Faustino, que era el mayor, fue ordenado sacerdote por el obispo Apolonio, y Jovita, como diácono.
Comenzaron los dos hermanos a ejercitar sus oficios con gran edificación de los fieles y acrecentamiento de la fe cristiana, lo cual, al enterarse el emperador Adriano, dio orden a Itálico, ministro suyo, que los detuviese y obligase, con halagos o con la fuerza, a renegar de Cristo.
Así lo hizo Itálico, pero hallándoles muy firmes en sus propósitos, no quiso tomar una decisión hasta que el mismo emperador, que tenía que ir a Francia, pasase por Brescia, y fuera él quien decidiese el destino de los santos.
Vino, pues, Adriano y los mandó a llevar al templo del Sol para que lo adorasen; más los dos santos hicieron oración al Dios del cielo, y luego, la estatua del Sol, que resplandecía con muchísimos rayos de oro fino, se puso negra como el hollín; y como los sacerdotes del ídolo pusiesen en ella las manos para limpiarla, cayó, se deshizo y se convirtió en ceniza.
El emperador se embraveció con este suceso, y condenó a los dos santos a las fieras; pero los leones, osos y leopardos se amansaron como ovejas a sus pies y se los lamían.
Después de esto Adriano mandó echar los santos al fuego, y ellos estaban en medio de las llamas como en una cómoda cama, alabando y cantando himnos al Señor.
Los arrojaron luego en la cárcel para que así pasasen hambre y sed; pero vinieron los ángeles del cielo a confortar y alegrar a los esforzados guerreros del Señor.
Los sacaron de la celda y los pusieron después boca arriba y les echaron plomo derretido con unos embudos por la boca, les aplicaron a los costados planchas encendidas, les echaron estopa, resina, aceite, encendieron un gran fuego alrededor de ellos y el mismo fuego perdió su fuerza.

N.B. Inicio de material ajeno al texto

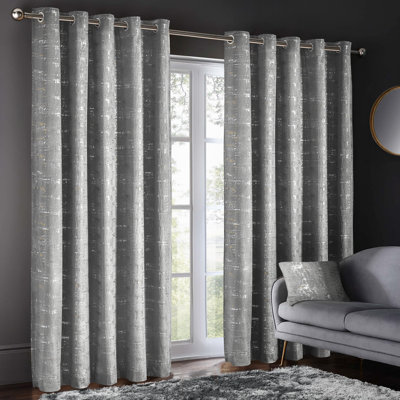 Aariella Curtain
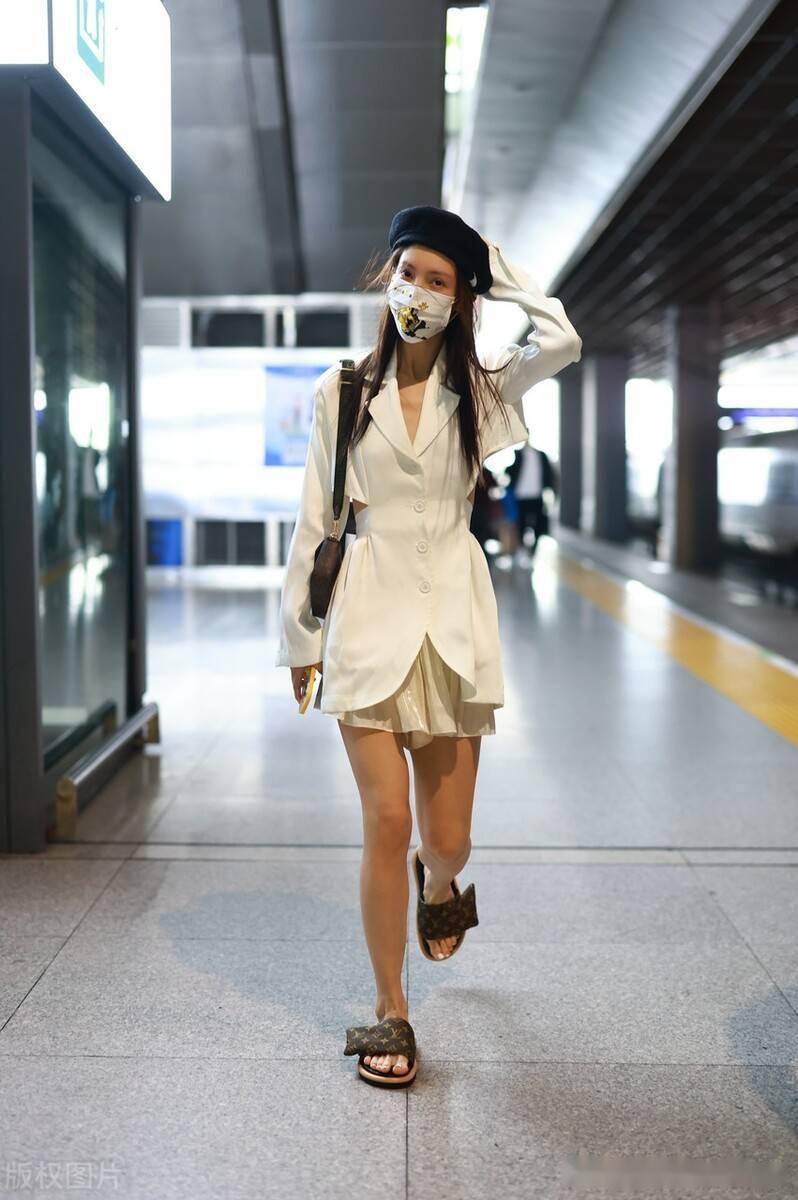金晨头戴黑色贝雷帽长发披肩身穿白色连体衣腰细腿长身材比例完美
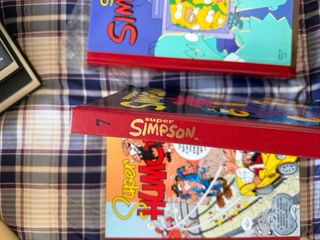 Lote comic simpsons y mortadelo y filemon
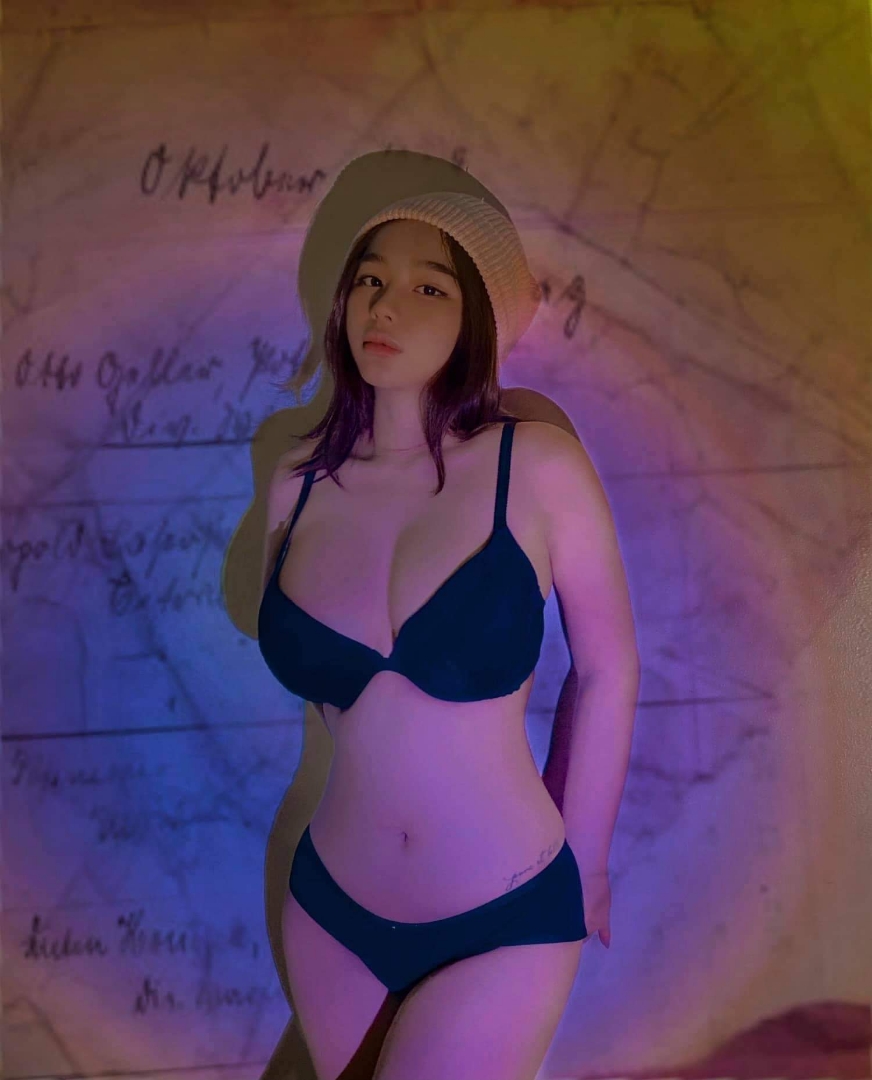 AaacaYR.jpg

Al observar esto, muchísimos gentiles, espantados de tantos prodigios, se convirtieron y se proclamaron cristianos.
Finalmente, el emperador, no sabiendo ya qué hacer y teniendo por afrenta ser vencido por los dos Santos mártires, los entregó a Antíoco, el gobernador, el cual después de haber probado en vano todo tipo de suplicios, los mandó degollar fuera de la ciudad, junto a la puerta de ella que va a Cremona.